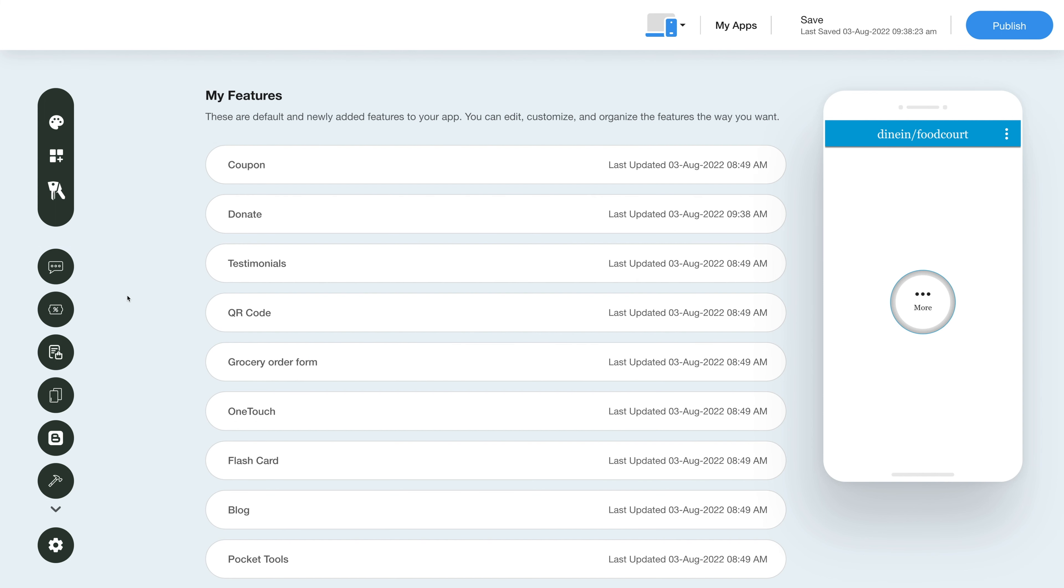Once you've added the feature, you will see the feature listed in my features section where you can edit, customize, and organize your added features the way you want. Now hover over the feature.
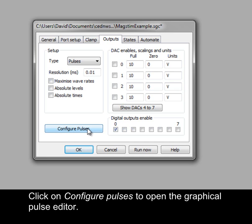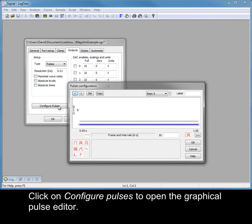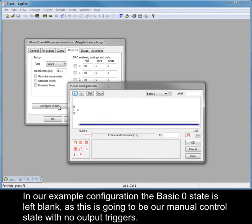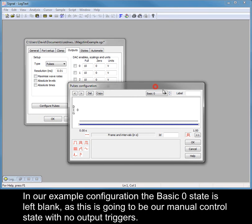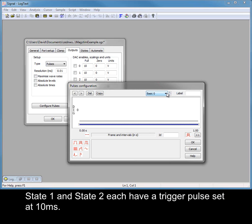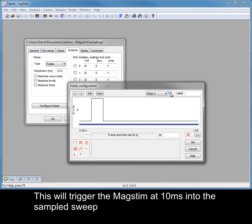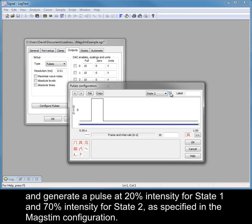Click on Configure Pulses to open the Graphical Pulse Editor. In our example configuration, the basic zero state is left blank as this is going to be our manual control state with no output triggers. State 1 and State 2 each have a trigger pulse set at 10ms. This will trigger the MagStim at 10ms into the sampled sweep and generate a pulse at 20% intensity for State 1 and 70% intensity for State 2, as specified in the MagStim configuration.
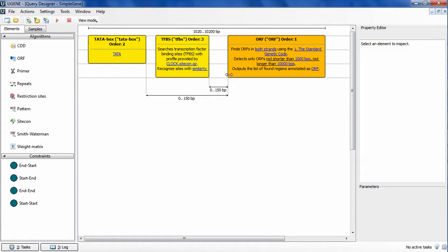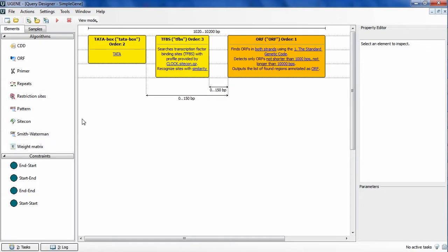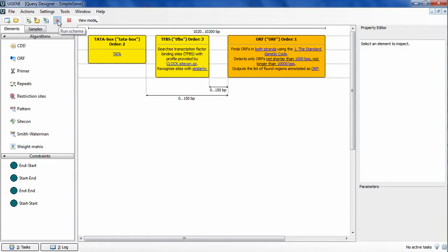It combines work of different sequence analysis algorithms into groups that match a specific pattern or query, and rejects all other results that do not match the query. You can create and run schemas of such queries with Query Designer, and you combine search algorithms work by imposing constraints on distances between the search results.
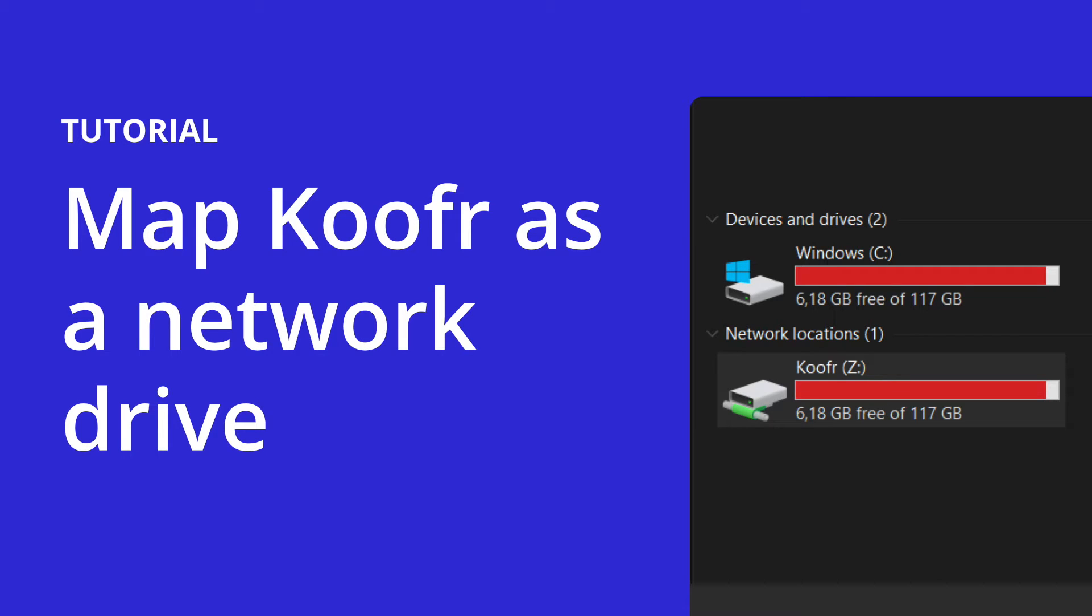Hello friends! If you want to access files in your Koofr cloud storage as if they were stored locally on your computer, you can map Koofr as a network drive.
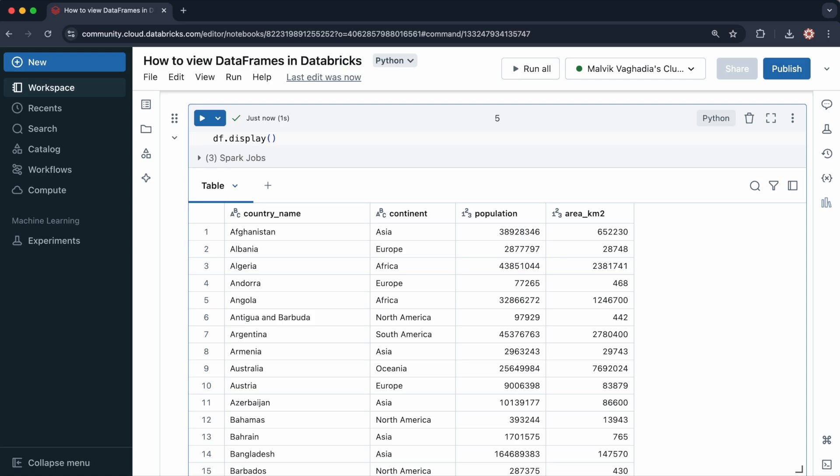So that was how to preview your data frames using show and display. Just be mindful that display is specific to Databricks.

* _What you need to do_: A faithful reproduction of every entry, with no pictures, is the expected answer.

* _Exercise solution_:
Once you've added the feature, you will see the feature listed in my features section where you can edit, customize, and organize your added features the way you want. Now hover over the feature.
Click on Configure Pulses to open the Graphical Pulse Editor. In our example configuration, the basic zero state is left blank as this is going to be our manual control state with no output triggers. State 1 and State 2 each have a trigger pulse set at 10ms. This will trigger the MagStim at 10ms into the sampled sweep and generate a pulse at 20% intensity for State 1 and 70% intensity for State 2, as specified in the MagStim configuration.
It combines work of different sequence analysis algorithms into groups that match a specific pattern or query, and rejects all other results that do not match the query. You can create and run schemas of such queries with Query Designer, and you combine search algorithms work by imposing constraints on distances between the search results.
Hello friends! If you want to access files in your Koofr cloud storage as if they were stored locally on your computer, you can map Koofr as a network drive.
So that was how to preview your data frames using show and display. Just be mindful that display is specific to Databricks.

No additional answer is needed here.